Since then, the smear campaign against JNU has been in full effect. TV news channels have even bothered to come up with fun names for its students: “Tukde-Tukde gang”, “Urban Naxal”, “anti-India gang”, to mention a few. Each time there was a proper TV debate, a news anchor would invariably look seriously into the camera and ask, “What is it that these students do at JNU anyway?” Then they’d answer, “Leech off our taxpayers’ money, of course.”

This “anti-intellectual gang” questioned why any student could possibly ever need more than a year in college to earn a PhD, politicians asked why they were sitting in canteens all day, and more eager internet commenters had visions of ultra-Left groups and money from Pakistan making its way to South Delhi.

So on Monday, the fact that the Nobel committee didn’t even bother to make a mention of the condom-counting MLA’s “entire math” skills, and instead awarded a man who is essentially an outspoken critic, might have stung a bit. Even the Governor of Meghalaya couldn’t get away with praising Abhijit Banerjee, having to immediately clarify on Twitter that he was against everything NYAY and the Congress stood for. He eventually backed himself into a corner, and ended his statement with the bizarre, “Even Zionist Jews were proud of Karl Marx.”

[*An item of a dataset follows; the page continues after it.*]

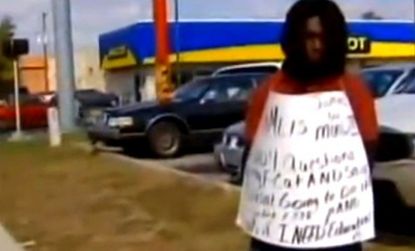 A Florida mother whose son earned a woeful 1.222 GPA is making him stand on the sidewalk wearing a sign that says "Honk if I need [an] education."
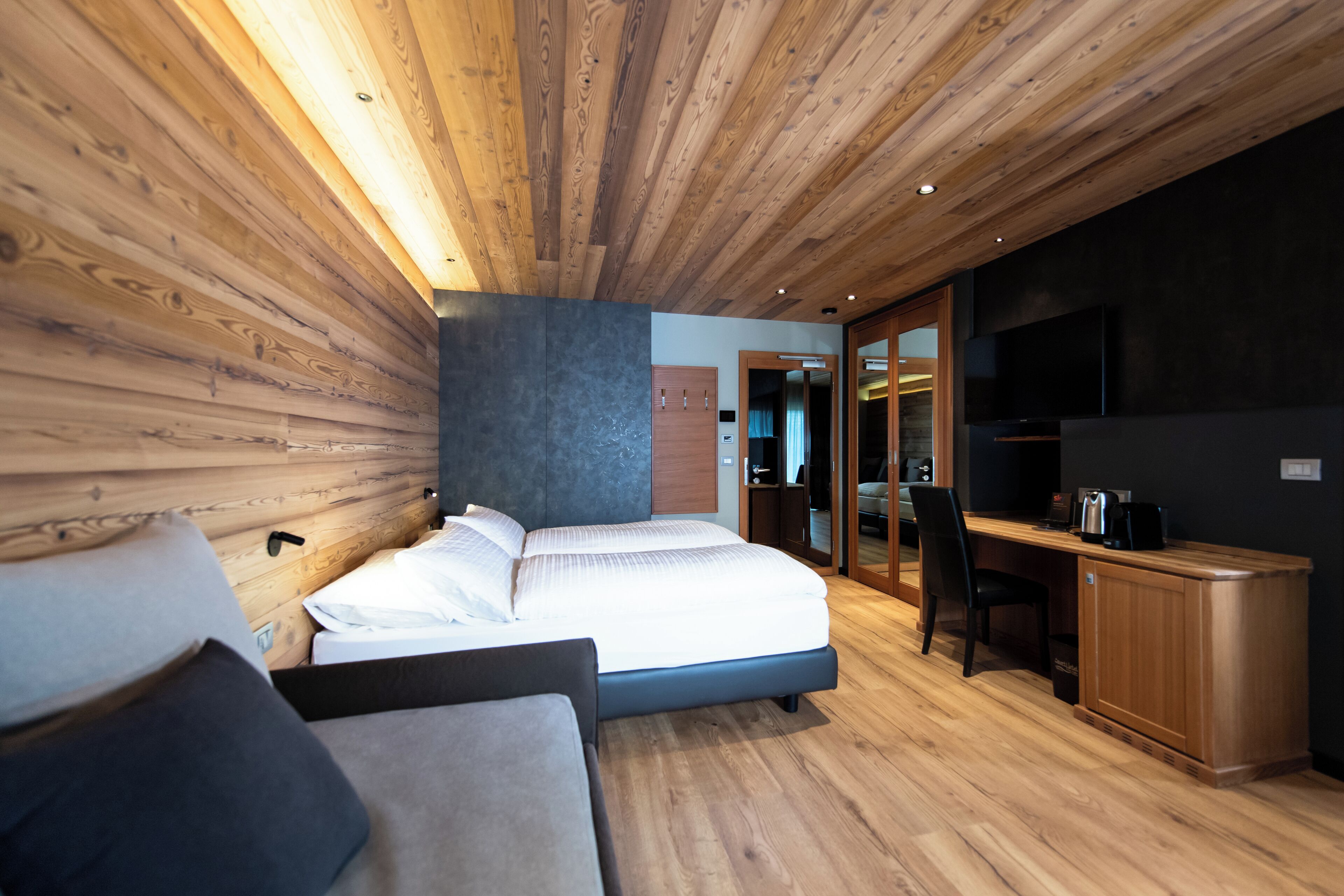 A modern bedroom with a wooden ceiling, a large bed, a desk, and a TV.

Anyway the Nobel Committee did get around to answering the question that’s been asked all these years — this is what (the more gifted) students of JNU go on to do. Since graduating from the university, the Nobel Laureate Banerjee has received a PhD from Harvard University (as if that matters), and is currently the Ford Foundation International Professor of Economics at the Massachusetts Institute of Technology, or MIT. He is a founder of the Abdul Latif Jameel Poverty Action Lab which has conducted nearly 600 projects in the last few years including a pollution control audit in Gujarat, MGNREGA experiments, and a number of partnerships with the government of Tamil Nadu (and you thought it couldn’t get worse).

Banerjee has also been the UN Secretary-General’s High-level Panel of Eminent Persons on the Post-2015 Development Agenda, which presumably doesn’t mean much apart from the fact that he didn’t get to spend much time at JNU learning how to play “Wonderwall” on his guitar, and raising slogans against the country.

Anyway, now that the nation’s most pressing question has been successfully answered by an international committee, we can move on to other questions, such as, “What’s next for this Nobel Laureate in his home country?” State honours? Maybe a statue or two? My money is on #BoycottNobel.